* [Data]:
══════════════════════════════
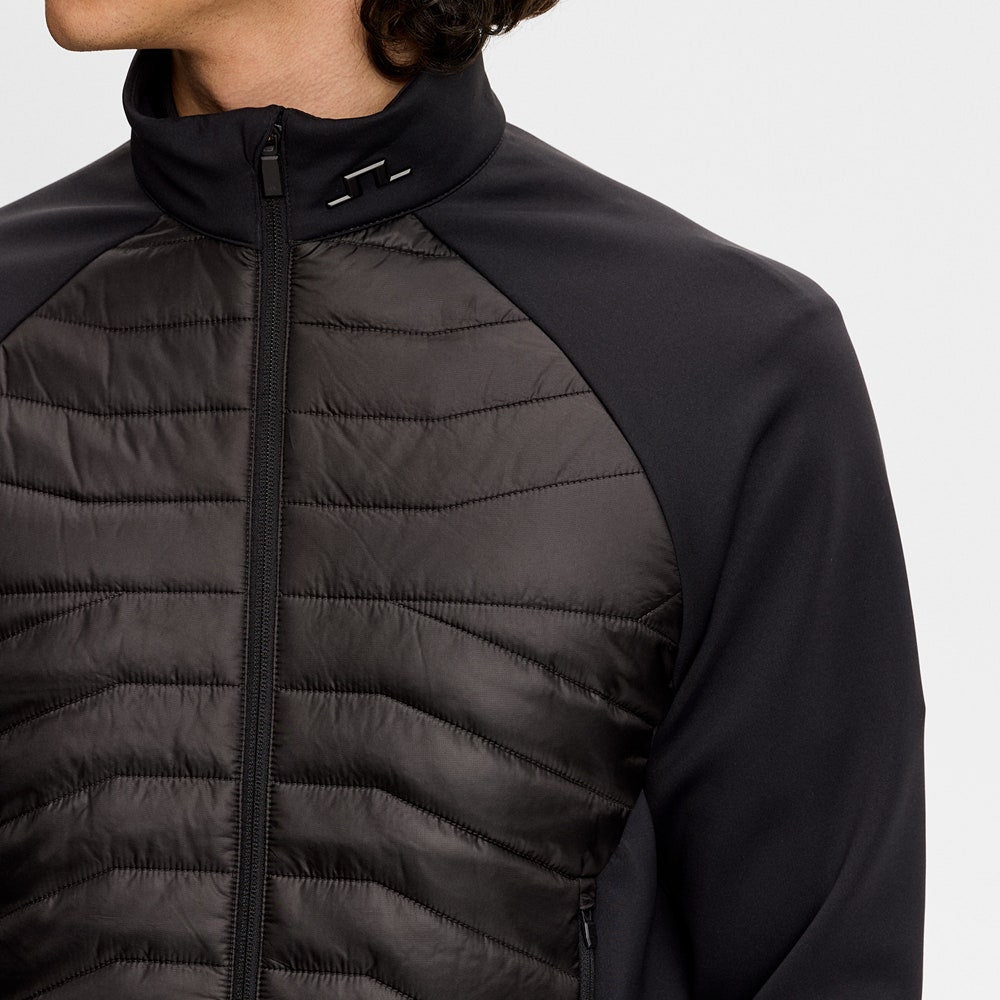 J.Lindeberg Golf Jacket - Heyden Quilted Hybrid FZ - Black AW26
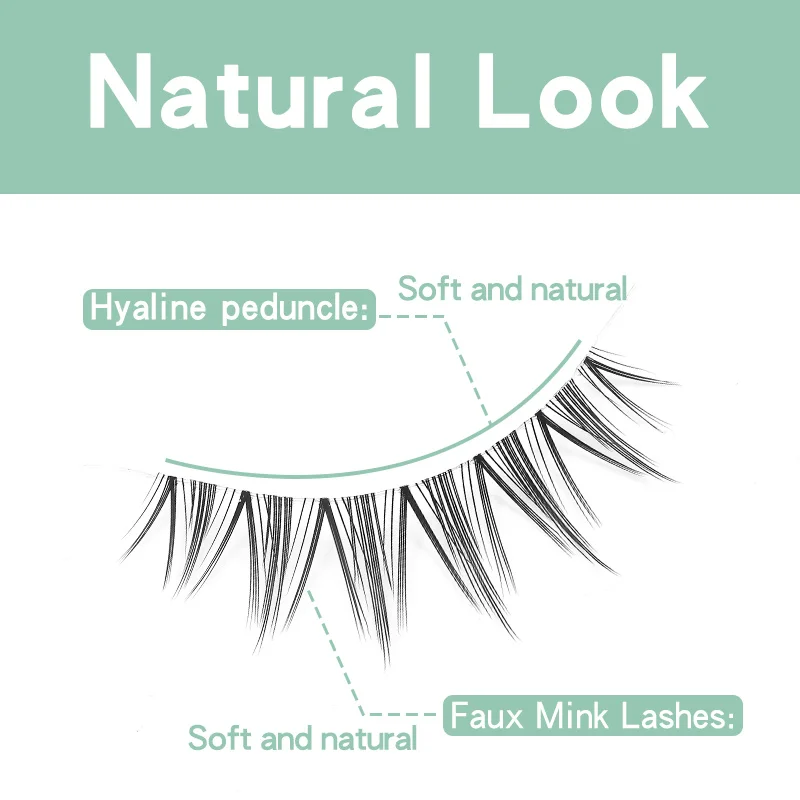 DINGSEN 10 Paar Cat Eye Manga Volle Streifenwimpern Natürliche Kurze Lange Wispige Faux Mink Künstliche Wimpern für Tägliches Make-up – Detail 6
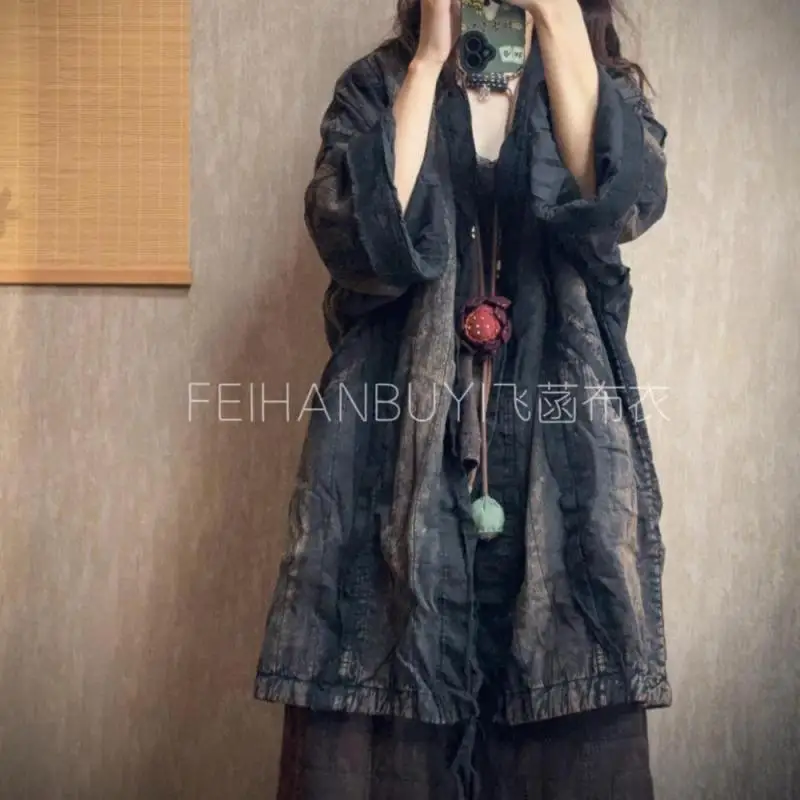 

New Arrival Autumn Winter Arts Style Women V-neck Loose Long Coats High Quality Thicken Warm Cotton Linen Vintage Jackets F202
══════════════════════════════
* [What you should do]: Transcribe the data exactly and leave no picture in the copy.

* [Response area]:
 J.Lindeberg Golf Jacket - Heyden Quilted Hybrid FZ - Black AW26
 DINGSEN 10 Paar Cat Eye Manga Volle Streifenwimpern Natürliche Kurze Lange Wispige Faux Mink Künstliche Wimpern für Tägliches Make-up – Detail 6

New Arrival Autumn Winter Arts Style Women V-neck Loose Long Coats High Quality Thicken Warm Cotton Linen Vintage Jackets F202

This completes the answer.